* Prompt *
Whatever pictures appear, omit them, and repeat the data below exactly.

* Information supplied *

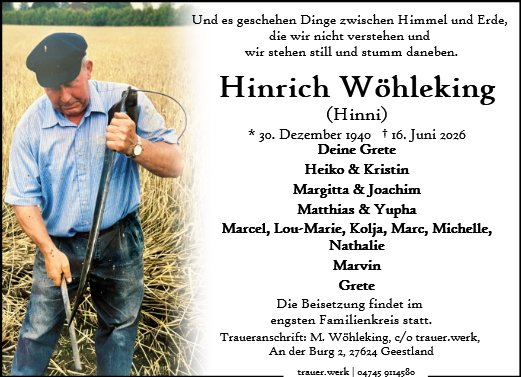 Hinrich Wöhleking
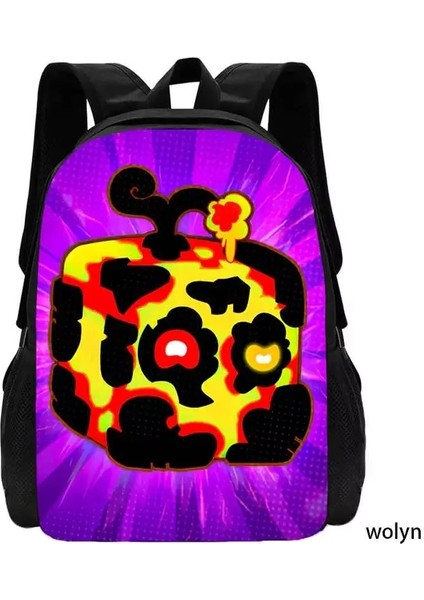 Blox Anime Meyveleri Erkek Kızlar Için Okul Çantaları Mochila Karikatür Çocuk Sırt Çantası Anime Oyun Çantaları Işık Weght ve Dağırlı Renk: XHOO1-SB-193-A6 (Yurt Dışından)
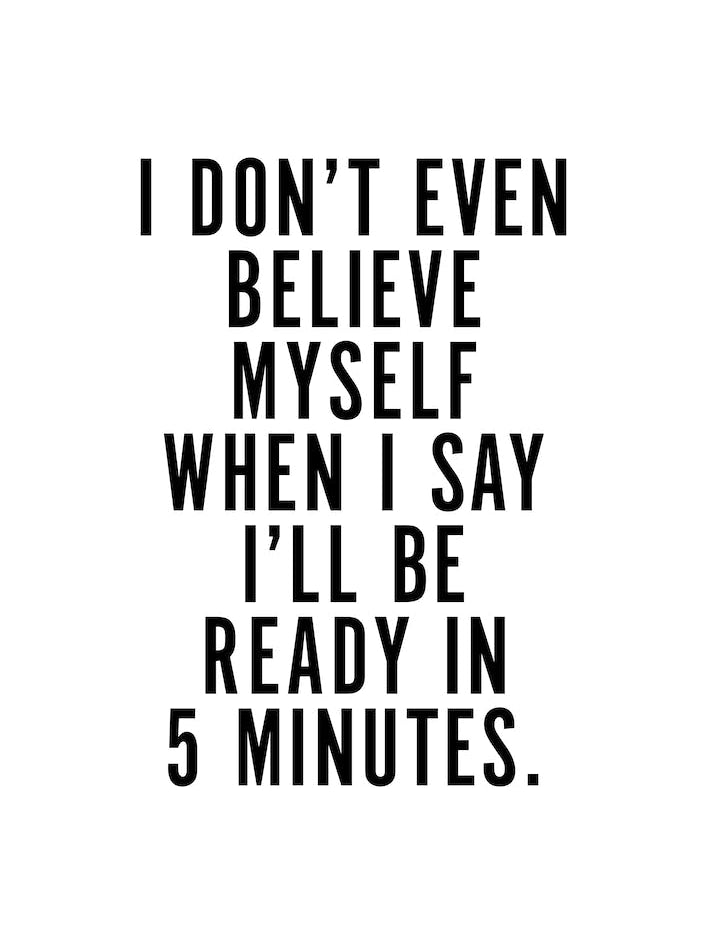 I Don't Even Believe Myself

* Output for this task *
 Hinrich Wöhleking
 Blox Anime Meyveleri Erkek Kızlar Için Okul Çantaları Mochila Karikatür Çocuk Sırt Çantası Anime Oyun Çantaları Işık Weght ve Dağırlı Renk: XHOO1-SB-193-A6 (Yurt Dışından)
 I Don't Even Believe Myself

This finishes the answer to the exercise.